The Indian Parliament has time and again amended the definition of the term ‘charitable purpose’. The law as on date prohibits any institution involved in AGU activities to engage in any activity which is in the nature of trade, commerce or business unless such activity is undertaken during the course of the main AGU activity and receipts thereof are not exceeding 20% of the total receipts of the institution received from charitable activities.[5]
In a paradigm shift from the earlier position of law, recently a three-judge bench of the SC in ACIT v. Ahmedabad Urban Development Authority,[6] has clarified the scope of income from AGU activities and observed that any institution in the course of achieving the object of AGU, can carry on trade, commerce or business but it must be connected and incidental to AGU activities. Further, the fee charged / earned from such incidental trade, commerce or business should be on a ‘cost-to-cost basis’ or ‘nominally above the cost’ and should not be ‘significantly higher’ from the cost incurred by the institution.
The effect of the judgement would be the enormous amount of subjectivity likely to be introduced into the field of exemptions of such institutions. With huge potential for discretion with tax authorities while interpreting the terms like ‘cost-to-cost basis’, ‘nominal markup’, ‘significant amount / significantly higher’ etc., it is likely to lead to further litigation as opposed to settling it.
This may also have wide ramifications on the exemption status of the institutions providing yeoman services such as Chambers of Tax Consultant, Chambers of Commerce and Trade Association etc., wherein fee charged by them from the members may also come under the radar of scrutiny by the tax authorities. Further, institutions involved in AGU activities enjoying tax exemption status would be required to align their memorandum of incorporation to include only those business activities which are incidental and connected to their AGU activities.

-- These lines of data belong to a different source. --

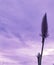 Lavender Flower reaching heights of sky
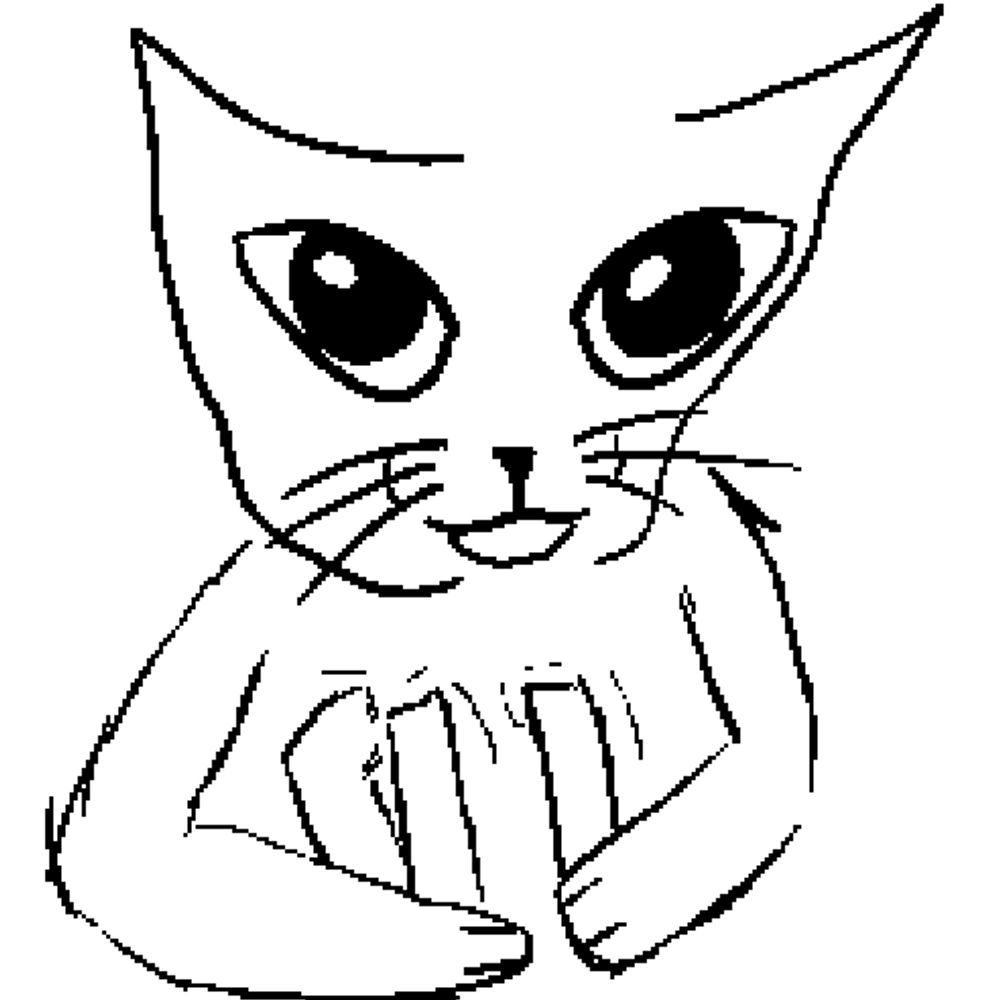 CatBreath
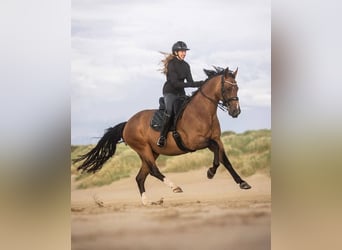 Belga, Giumenta, 12 Anni, 166 cm, Baio ciliegia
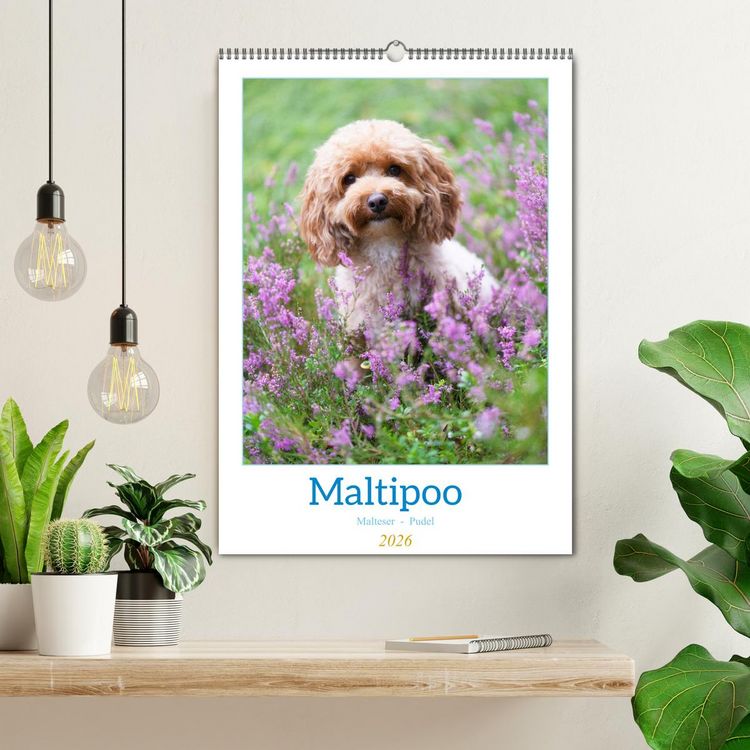 Produktbild: Maltipoo - Malteser - Pudel 2026 (Wandkalender 2026 DIN A2 hoch), CALVENDO Monatskalender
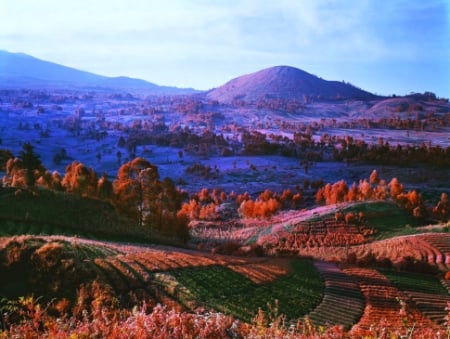 Richard Mosse, You are Wherever Your Thoughts Are, 2013.
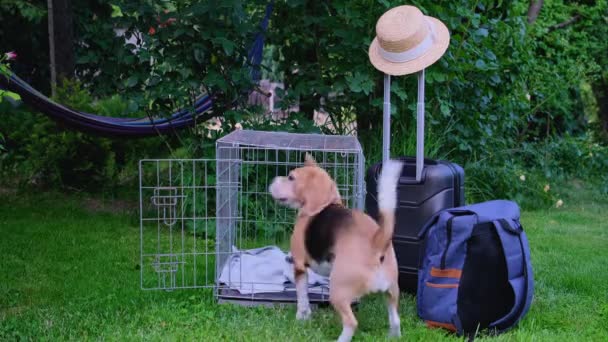 Beagle Går Resebagen Högkvalitativ Film — Stockvideo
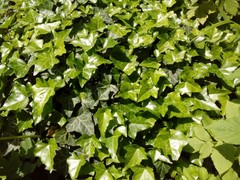 Hedera helix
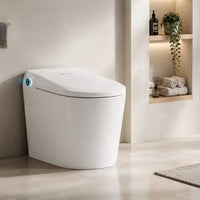 What Is a Japanese Toilet? Why So Many People Refuse to Go Back After Using One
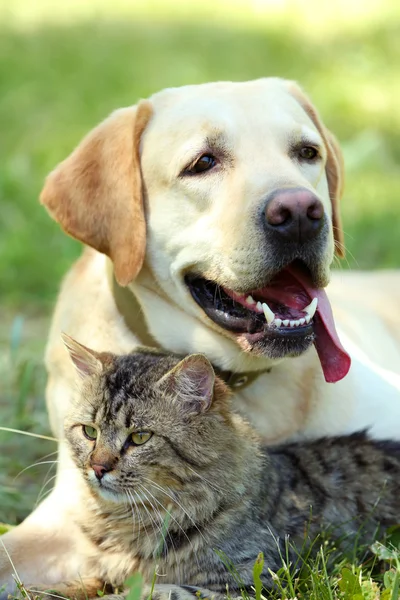 Cão amigável e gato — Fotografia de Stock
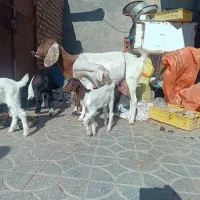 تعدادی بز چاق وچله|حیوانات مزرعه|سیب و سوران, |دیوار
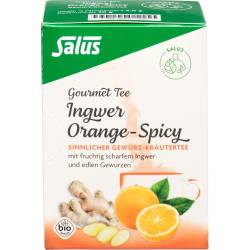 Ingwer Orange Würziger Tee Salus Filterbeutel 15 St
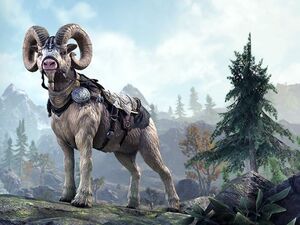 ON-mount-Yorgrim River Ram.jpg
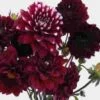 Dahlias 5 Bunch (50 Stems) - Burgundys -Flower Plants Sales 2024 09649A Dahlias 5 Bunch 50 Stems Burgundys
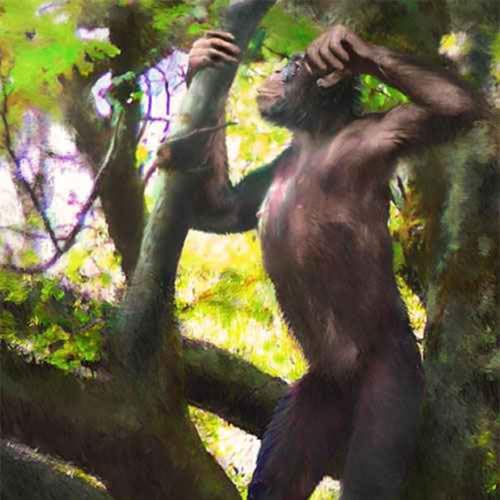 Danuvius, of the Celtic River God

Thus, the ruling rendered by the SC has settled the interpretation of the phrase ‘advancement of any other object of general public utility’ whereby bogus entities misusing the exemption from tax under the disguise of its predominant activity of AGU would not be able to enjoy such benefit.[7] However, terms such as ‘cost-to-cost basis’; ‘nominal markup’ and ‘significant amount / significant higher’ used in the judgement invites subjective opinion of the tax authority into the arena of exemption of institutions involved in AGU activities resulting in opening of yet another can of worms.
[1] Sections 11-13 of the IT Act.
[2] Section 2(15) of the IT Act.
[3] Section 2(15) of the IT Act as on April 01, 1973.
[4] ACIT v. Surat Art Silks Cloth Manufacturers’ Association, [1979] 2 Taxman 501 (SC).
[5] Section 3 of the Finance Act, 2015.
[6] ACIT v. Ahmedabad Urban Development Authority, [2022] 144 taxmann.com 78 (SC).
[7] CIT v. Batanagar Education and Research Trust, [2021] 129 taxmann.com 30 (SC).